La realidad multiconfesional y multirreligiosa de la Colombia actual no permite la reducción católica, por más que siga siendo ésta la religión mayoritaria de los colombianos (80%). Hay más de seis mil iglesias cristianas, entre las históricas (luteranos, anglicanos, presbiterianos, ortodoxos, bautistas, menonitas, etc.) y nuevas (sobre todo neopentecostales), junto con minorías no cristianas (islam, judaísmo, budismo e hinduismo, ba’hai, religiones indígenas, etc.) y espiritualidades emergentes.
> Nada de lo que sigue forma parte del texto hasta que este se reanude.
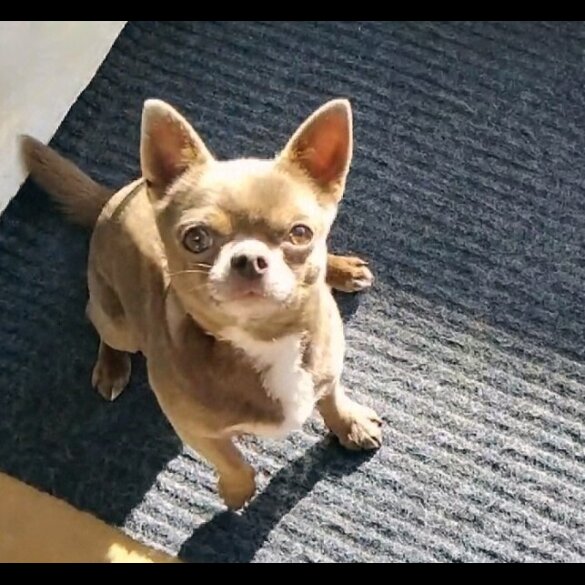 Chihuahua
En los últimos años se han creado numerosos espacios de encuentro ecuménico e, incluso, interreligioso, promovidos desde instancias oficiales y particulares, sobre todo en Bogotá y Medellín: Semana de oración por la unidad, Semana bíblica ecuménica, Colectivo ecuménico de biblistas (CEDEBI), Red euménica de iglesias y organizaciones cristianas de Colombia, etc. Yo mismo he participado en encuentros organizados por universidades católicas, originales convocatorias como la “Cena de Abraham” con las religiones monoteístas y otros encuentros de teólogos ecuménicos, de ecoteología, de mesas interreligiosas por la paz, etc. En ellas ha quedado patente la actitud de diálogo y el compromiso por la paz. Aunque el recelo y la desconfianza mutua de algunas confesiones hacen, a veces, muy difíciles los esfuerzos de acercamiento. Por tanto, en el futuro se tratará de afianzar esa herencia de ecumenismo, diálogo interreligioso, reconciliación y paz que se ha ido dando e integrarla con nuevas iniciativas. Para un auténtico establecimiento de la paz en la sociedad colombiana será imprescindible la participación de las diferentes denominaciones religiosas en la toma de decisiones públicas, en conjunto con otros actores sociales que trabajan por la paz en espacios educativos, políticos y económicos.